Matt’s Rating:
Three years ago, I championed HBO’s bold decision to reinvent Erle Stanley Gardner’s iconic hero Perry Mason as a downtrodden, chronically rumpled gumshoe turned lawyer in Depression-era L.A. (Many viewers, and readers, disagreed, unwilling to abandon the stalwart image of Raymond Burr’s infallible, unflappable attorney from the 1950s and ’60s, still a favorite in reruns.) As played with forlorn pugnacity by Matthew Rhys, as if channeling the cinematic spirits of Bogart and Mitchum, the new/old Perry Mason felt like he fit into the film noir world of legends like Sam Spade and Philip Marlowe.

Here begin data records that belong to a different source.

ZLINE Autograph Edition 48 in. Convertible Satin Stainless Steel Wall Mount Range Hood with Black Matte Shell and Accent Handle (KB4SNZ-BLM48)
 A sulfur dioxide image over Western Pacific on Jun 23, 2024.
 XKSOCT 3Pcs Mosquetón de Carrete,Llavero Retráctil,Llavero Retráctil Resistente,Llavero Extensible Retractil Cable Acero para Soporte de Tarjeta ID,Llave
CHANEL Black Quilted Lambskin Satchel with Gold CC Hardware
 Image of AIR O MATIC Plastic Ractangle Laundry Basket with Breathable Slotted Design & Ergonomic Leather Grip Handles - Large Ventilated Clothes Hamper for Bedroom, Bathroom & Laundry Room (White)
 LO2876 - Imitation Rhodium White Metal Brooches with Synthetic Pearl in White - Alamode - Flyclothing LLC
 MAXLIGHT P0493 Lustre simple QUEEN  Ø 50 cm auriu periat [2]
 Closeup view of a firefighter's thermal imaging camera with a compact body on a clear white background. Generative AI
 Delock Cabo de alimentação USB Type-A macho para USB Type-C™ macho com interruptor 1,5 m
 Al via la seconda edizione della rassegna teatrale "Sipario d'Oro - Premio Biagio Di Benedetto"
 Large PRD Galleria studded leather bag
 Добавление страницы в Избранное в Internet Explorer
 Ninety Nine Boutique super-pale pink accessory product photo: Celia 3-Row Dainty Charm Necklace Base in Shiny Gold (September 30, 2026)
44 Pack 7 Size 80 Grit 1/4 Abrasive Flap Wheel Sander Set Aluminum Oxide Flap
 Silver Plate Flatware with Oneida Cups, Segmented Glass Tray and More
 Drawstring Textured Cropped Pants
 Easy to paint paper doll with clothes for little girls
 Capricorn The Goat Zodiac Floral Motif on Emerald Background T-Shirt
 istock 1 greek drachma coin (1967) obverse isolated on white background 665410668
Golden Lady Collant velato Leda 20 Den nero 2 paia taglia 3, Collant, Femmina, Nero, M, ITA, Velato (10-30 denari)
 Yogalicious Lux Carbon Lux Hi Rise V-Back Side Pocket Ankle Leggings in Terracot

Perry’s first-season redemption arc made for compelling TV, but heavy-handed storytelling lets him down in Perry Mason’s long-awaited but disappointing comeback. Lured back to criminal law to defend Latino brothers from a Hooverville slum being railroaded for the murder of an oil-family scion, Perry enlists his lesbian partner Della Street (Juliet Rylance) and Black investigator Paul Drake (Chris Chalk) to contend with multiple layers of societal bigotry and corruption in their pursuit of what cynical, closeted D.A. Hamilton Berger (a sly Justin Kirk) calls “the illusion of justice.”
Merrick Morton/HBO
Here Berger is, elaborating to a sourpuss Perry: “Don’t you know what we’re selling by now? There is no true justice, there’s only the illusion of justice, the fantasy that keeps people believing that truth always prevails.” Though he stops short of telling Perry “Forget it, it’s Chinatown,” when the disillusioned lawyer stalks off in disgust, Berger muses: “Does everyone feel Mason hates him, or just his friends?”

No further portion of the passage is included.